Id. at 366, 382 S.E.2d at 811.
In Boyd v. L. G. DeWitt Trucking Co., 103 N.C. App. 396, 405
S.E.2d 914 (1991), we affirmed the trial court's denial of the
defendant's motion for a directed verdict on the plaintiff's claim
for punitive damages. Our Court found that the plaintiff's
evidence was "sufficient to support a jury finding that [the
defendant's] conduct 'manifested a reckless indifference to the
rights of others.'" Id. at 402, 405 S.E.2d at 919.

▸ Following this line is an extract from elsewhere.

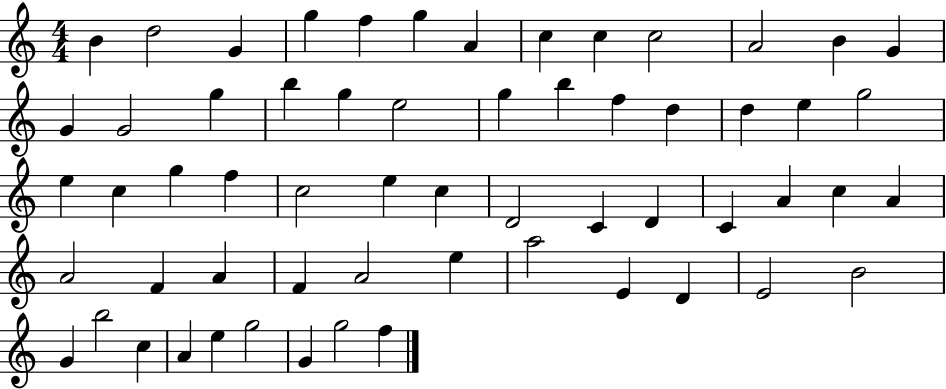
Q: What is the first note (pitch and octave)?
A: B4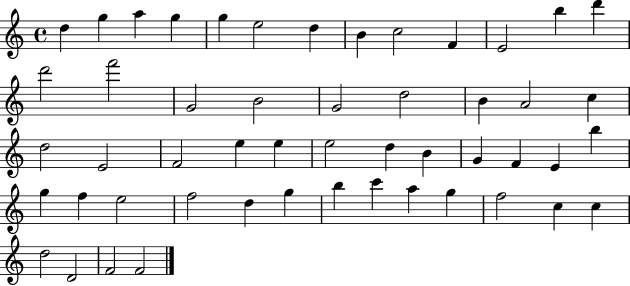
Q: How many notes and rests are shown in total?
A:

The plaintiff's evidence tended to show
that [the defendant] was intoxicated at the
time of the accident, that he was traveling in
excess of the posted speed limit, with a
fully-loaded [tractor-trailer] rig and with an
unauthorized female passenger, and that no
attempt was made to avoid the accident prior
to its occurrence. In addition, even though
[the defendant] was traveling on a straight,if somewhat hilly road, his own testimony
reveals that he did not see the decedent's
vehicle until an instant before the collision.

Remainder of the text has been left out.